J’ai bien aimé, après quelques chapitres pour rentrer dedans. Les personnages masculins sont assez stéréotypés et la romance un peu téléphonée, mais pour le reste le roman est bien écrit, on se sent lié à la Tasmanie en le lisant. La description d’une communauté où tout le monde connait tout le monde et où le rythme de vie semble plus dicté par la nature que par le travail fait envie (même si la narration met aussi en avant les désavantages type commérage (et flic de petite ville totalement imbu de sa parcelle de pouvoir). Les chapitres écrit du point de vue des animaux fonctionne bien (peut-être un peu moins celui du point de vue du puffin). Les thématiques féminisme et écologie sont plutôt bien traitées (et le fait que le perso qui a raison du point de vue écologique ne soit pas pour autant parfait mais au contraire assez agaçant et hypocrite sur certains points (sans que ça ne lui donne tort pour autant) rend l’histoire plus intéressante que si c’était manichéen.
Recommandé si vous aimez bien l’Australie et les céphalopodes.

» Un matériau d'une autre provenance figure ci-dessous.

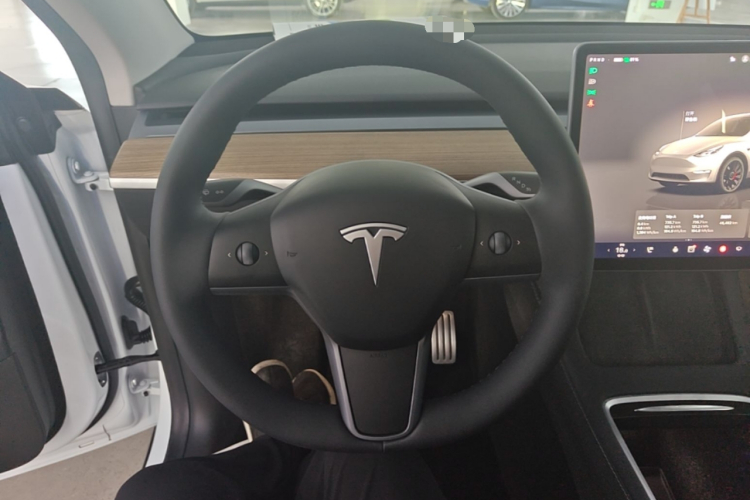 Tesla Model Y 2022 #11 Tesla Model Y 2022 car image #11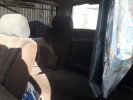 Toyota Hiace 1995 года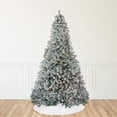 thumbnail image 1 of Northlight 9' Pre-Lit Flocked Winema Pine Artificial Christmas Tree - Clear Lights, 1 of 4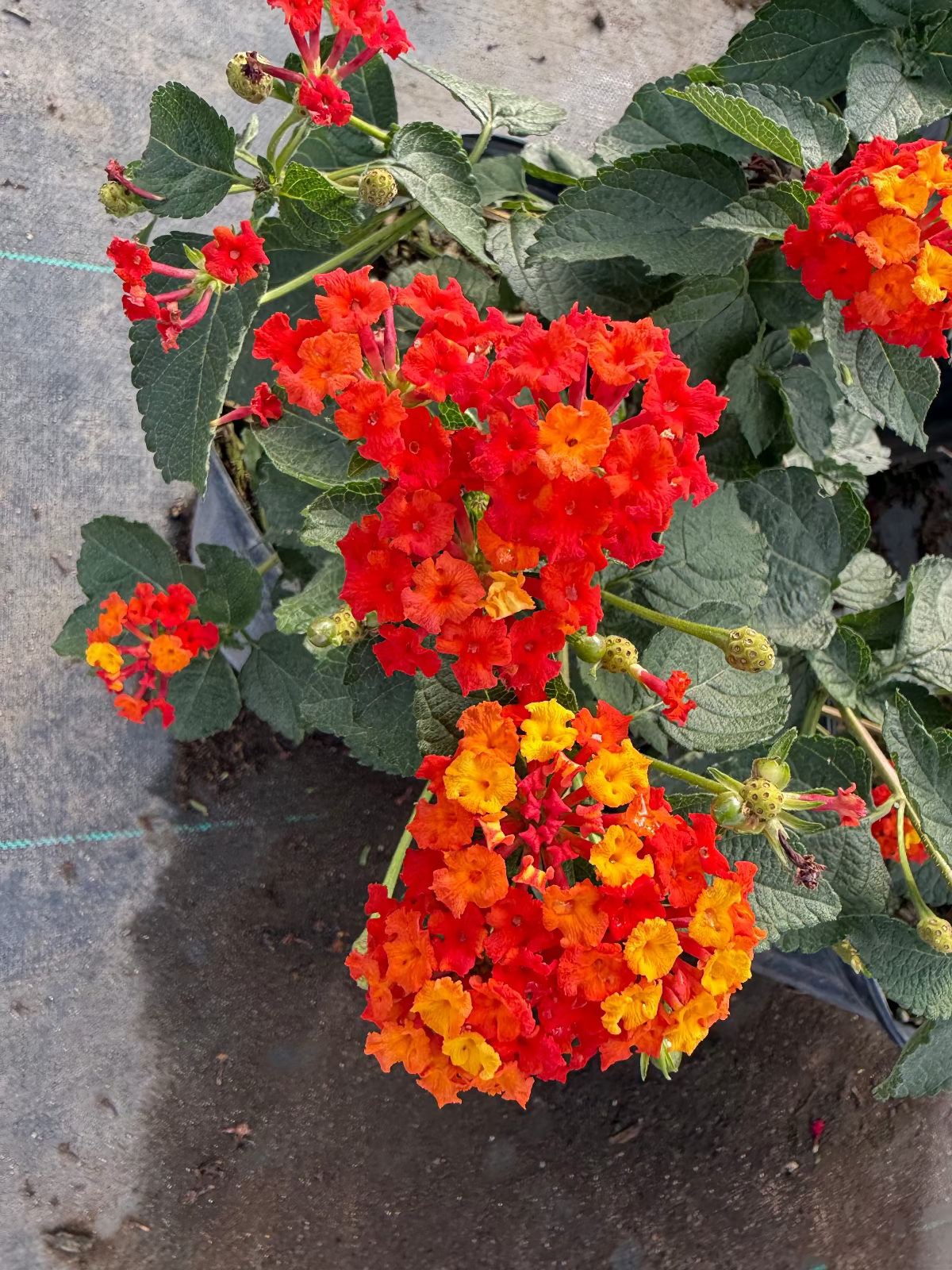 Dallas Red Lantana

Ta promesse, de Camille Laurens
Roman français paru en 2025. Claire Lancel est une écrivaine connue. Elle commence ube relation amoureuse avec Gilles Fabian, metteur en scène de théâtre de marionnettes. Ce qui commence comme une romance parfaite se révèle être du lovebombing : Claire est tombée sur un pervers narcissique, et la mécanique de l’emprise va se mettre en place progressivement, jusqu’à un évènement qui va conduire à un procès, durant les préparatifs duquel la narration se déroule : on assisté aux échanges de Claire avec son avocate et de plusieurs témoins avec le juge ou le substitut du procureur.
C’était pas mal. Ya un petit côté « l’emprise chez les riches » parce que tous les personnages ont un gros capital culturel et pour certains un gros capital financier aussi, mais l’histoire est prenante et bien racontée, le côté autofiction et mise en abyme par Claire de sa situation rajoute une couche de meta.
Le Dahlia Noir, de James Ellroy
Roman policier étatsunien paru en 1987 et dont l’action a lieu en 1947 et dans les 3 années qui suivent. Suite à un meurtre particulièrement horrible, une grosse partie de l’effectif du LAPD est affectée à l’enquête subséquente, au détriment de d’autres cas. On suit le point de vue de Bucky Bleichert, un détective qui va, tout comme son partenaire, devenir obsédé par l’affaire, malgré son exaspération initiale pour les moyens qui y sont alloués. En suivant les différentes pistes potentielles, Bleichert va découvrir des cas de corruption policière, lui même dissimuler des preuves, voir son partenaire se perdre dans l’affaire…
Un classique du roman noir, inspiré d’un meurtre réel. Les personnages sont tous antipathiques (avec du racisme et de la violence policière d’époque) mais on voit comment les policiers se laissent totalement absorber par cette enquête (et comment le duo d’enquêteurs que l’on suit plus spécifiquement lutte contre le procureur qui veut fabriquer un coupable pour pouvoir déclarer l’affaire résolue).